An expert I developed achieved excellent results in backtests and across a wide range of variations in optimisation and walkforward optimisation runs. Then suddenly, without me having consciously made big changes the results became mediocre/marginal. Then today again the results suddenly became superb again.
I now have backtesting reports with the exact same expert, the exact same dates, the exact same settings file and utterly different results. I have done my best to ensure the data is the same (reconstructing it from downloaded history data yesterday, I still got very different results today to then).
The only thing I found that could be different is the spread. As far as I can make out, MT4 assumes the spread throughout an entire backtesting run will have been the same as the spread right now. A rather strange "feature" of the system, but not the explanation of my observations, as with tight spreads today, results were mediocre, while with slightly wider spreads yesterday, the results were incredibly good.
After these experiences, I am in a position where I am not sure I can rely on the information I get from the software, and in desperate need of an explanation that I can use to avoid being misled (one way or the other) in the future.

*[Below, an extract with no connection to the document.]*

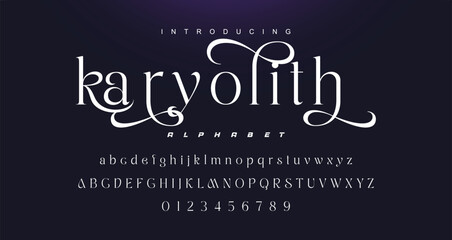 Abstract elegant typeface displays font vector. Luxury minimalist typography style © Lyndon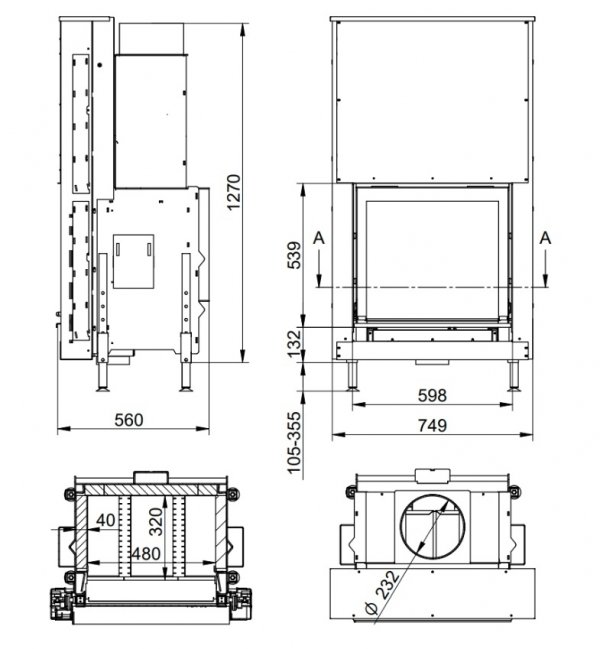 Wkład kominkowy DORAKO Linea V 810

Here are graphs of the mediocre results and the unbelievably good results for backtests with the same expert, the same period (2011/1/1 to 2011/7/26) and the same settings. The trades are typically open for hours or longer and not using take profits or stop losses (all entries and exits are based on the states of indicators only). The number of trades in the two runs are 211 and 173. There are losses in the second graph, but the profit factor is very high.